Estadísticas, rankings, declaraciones, denuncias y valoraciones, son arrojados a la consideración ciudadana como cañitas voladoras, destinadas a causar estruendo sin que nadie sepa bien de dónde viene; mucho menos a qué nos conduce. Este estado de inminencia le quita espacio a lo perdurable, a lo trascendente, por lo que no debemos extrañarnos de que venga acompañado con dosis más o menos contundentes de cinismo.
Las cosas no son lo que son ni lo que deberían ser por sí mismas; carecen de una axiología inmanente. La realidad carece de especificidad y cualquier consideración sobre sus manifestaciones quedará librada a la utilidad política que de ella puedan hacer sus exégetas. Además, la glorificación del pensamiento utópico proyecta un cono de sombras sobre lo contingente, sobre el rigor de buscar evidencias para fundar una afirmación.

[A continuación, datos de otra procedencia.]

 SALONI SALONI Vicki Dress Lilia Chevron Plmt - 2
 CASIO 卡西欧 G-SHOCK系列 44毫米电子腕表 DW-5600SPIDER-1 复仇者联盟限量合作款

Las consecuencias de esta cultura moral es que se vuelve imposible determinar si una conducta es inapropiada, aun tratándose de asuntos tan diáfanos como corrupción, la represión, el crimen, la manipulación, el terrorismo, el acomodo o la mentira.

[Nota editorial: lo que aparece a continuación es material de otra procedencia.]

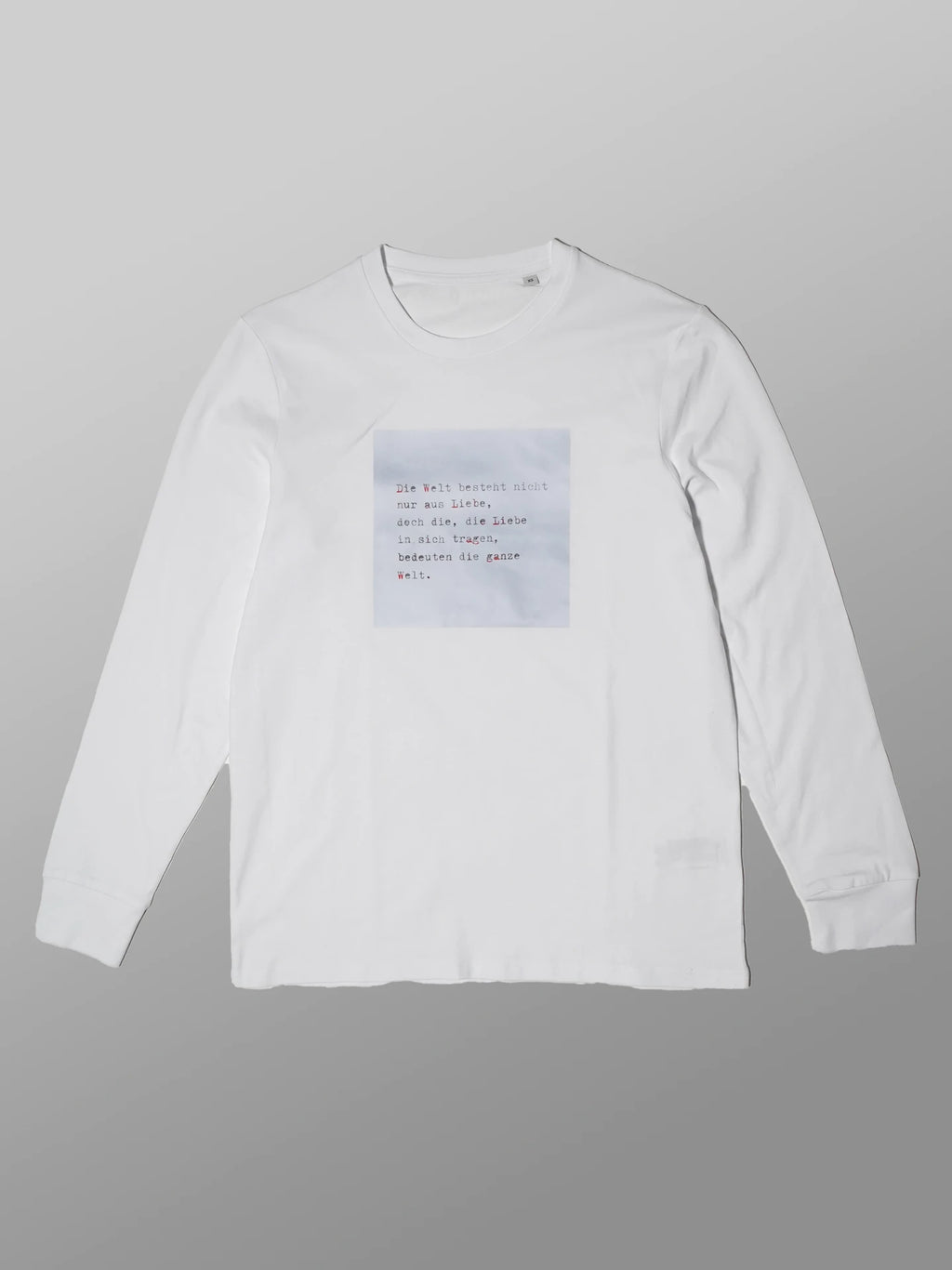 Liebe Welt (Blau) Langarmshirt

Cualquier tema de la agenda política cotidiana es útil para descubrir hasta qué punto estamos inmersos en una lucha entre el cinismo, esa perversión del espíritu que no reconoce más conducta moral que la que conduce al poder, y la ética de los valores.
Aunque existe un vínculo radical entre el cinismo político y ciertas ideologías utópicas o "idealistas", no estamos ante un problema ideológico sino moral, y en términos prácticos, dialéctico. Los cínicos no discuten con el objeto de encontrar la verdad en el diálogo y la confrontación de razonamientos concebidos con lealtad, sino para conseguir o mantener el poder.
El precio que pagan sus conciudadanos puede ser muy alto. Los cínicos utópicos encarnan una pedagogía inversa: desnaturalizan los valores hasta convertirlos en rencores de fácil manipulación.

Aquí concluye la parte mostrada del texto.